Treasuries Fall for Third Day as Yields Top 2% Before Auction
Comment of the Day

February 13 2013

Commentary by Eoin Treacy

Treasuries Fall for Third Day as Yields Top 2% Before Auction

This article by Cordell Eddings for Bloomberg may be of interest to subscribers. Here is a section
“We are grinding slightly higher in yields as the 10-year note auction, and the setup for it, will be the main driver of the market,” Guy LeBas, chief fixed-income strategist at Janney Montgomery Scott LLC in Philadelphia, said in a telephone interview. “Retail sales were strong, but we will continue to be stuck around these levels, reflecting low inflation and the slow economic growth trends that are firmly in place, until something changes.”

Eoin Treacy's view Quantitative easing was justified on the basis that deflation is a more troubling concern than inflation and that such extreme measures were necessary in order to avoid an economic depression. Ultra low yields serve the dual purpose of lowering the government's borrowing cost and encouraging investment elsewhere through negative real interest rates. While some have argued that this situation has to persist because the economy is now addicted to low interest rates, recent market activity would suggest otherwise. The rather hawkish minutes from the Fed's last meeting raise the possibility that extreme monetary measures could start to be unwound this year.
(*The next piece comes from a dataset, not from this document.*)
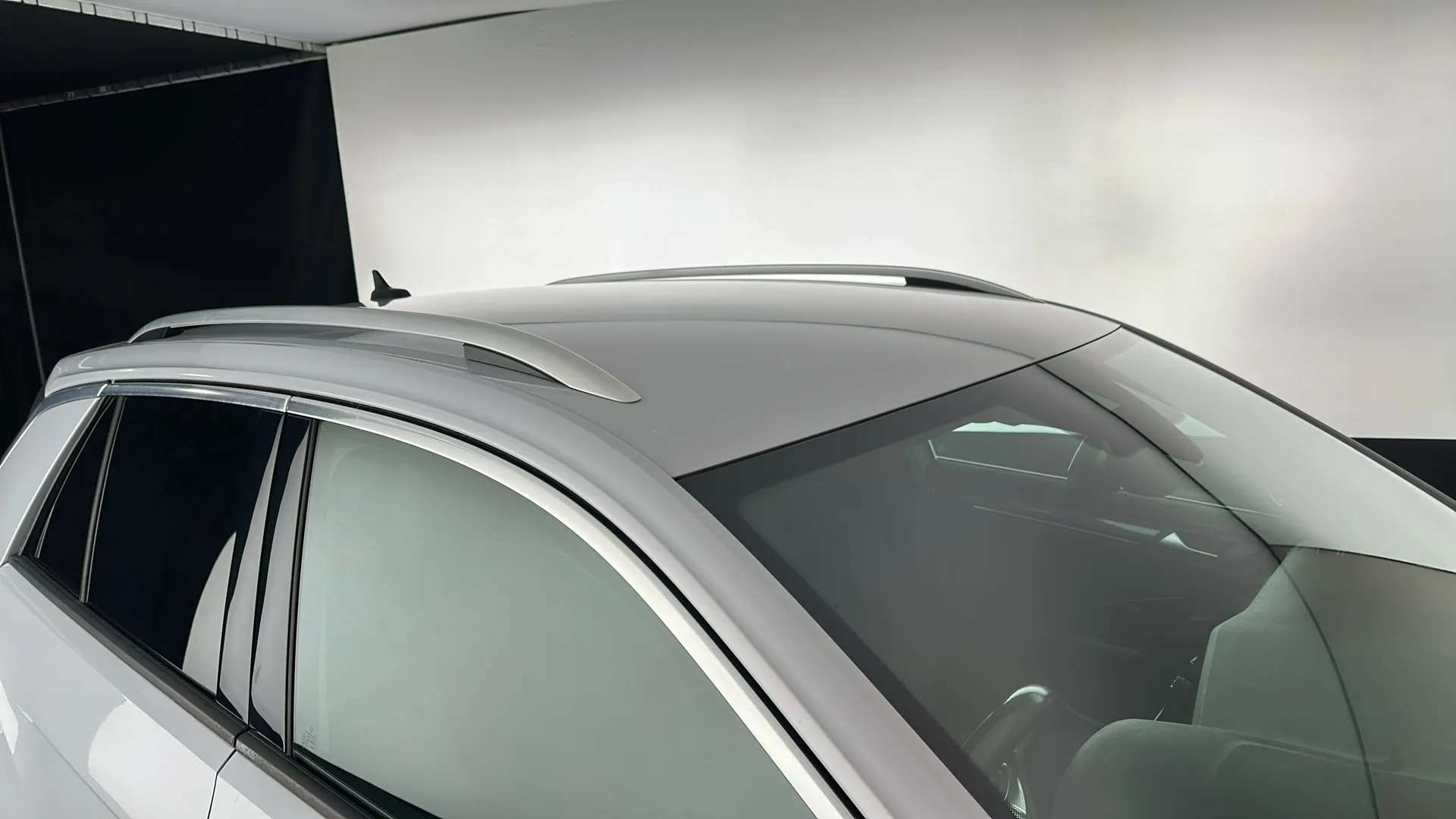 2019 VOLKSWAGEN T-ROC 2019 VOLKSWAGEN T-ROC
Investors appear to be anticipating this move and have begun to redeploy capital to equities and shorter duration debt instruments.

The US 10-year yield has held a progression of higher reaction lows since November and this sequence would need to be broken in order to question medium-term scope for additional upside.

The Eurozone 10-year yield has been consolidating in the region of the upper side of its six-month range and a sustained move below 1.6% would be required to question potential for additional selling pressure.

UK 10-year yields have posted a step sequence uptrend since the summer and broke successfully above 2% in the first week of January. A sustained move below that level would be required to question medium-term scope for continued expansion. The UK has made no secret of its intention to inflate its way out of the current situation. As yields rise the cost of funding the government's deficit could act as an additional headwind to the Pound.

Swiss 10-year yields have doubled from 0.38% to 0.8% since hitting a medium-term low in December and a sustained move below the 200-day MA, currently near 0.65% would be required to question medium-term scope for additional upside.

The Canadian 10-year yield has been consolidating in the region of 2% since late January and a clear downward dynamic would be required to question medium-term scope for additional selling pressure.

The Australian 10-year yield has held a progression of higher reaction lows since July and broke above 3.5% two weeks ago. A sustained move below 3.25% would be required to question medium-term supply dominance.

Of all the major government bond yields, the Japanese 10-year has been steadiest and remains within a range. A sustained move above 0.8% would confirm a return to medium-term supply dominance.

The commonality across the majority of the above government bond yields above highlights the more ambivalent tone towards the sector which has been evident of late.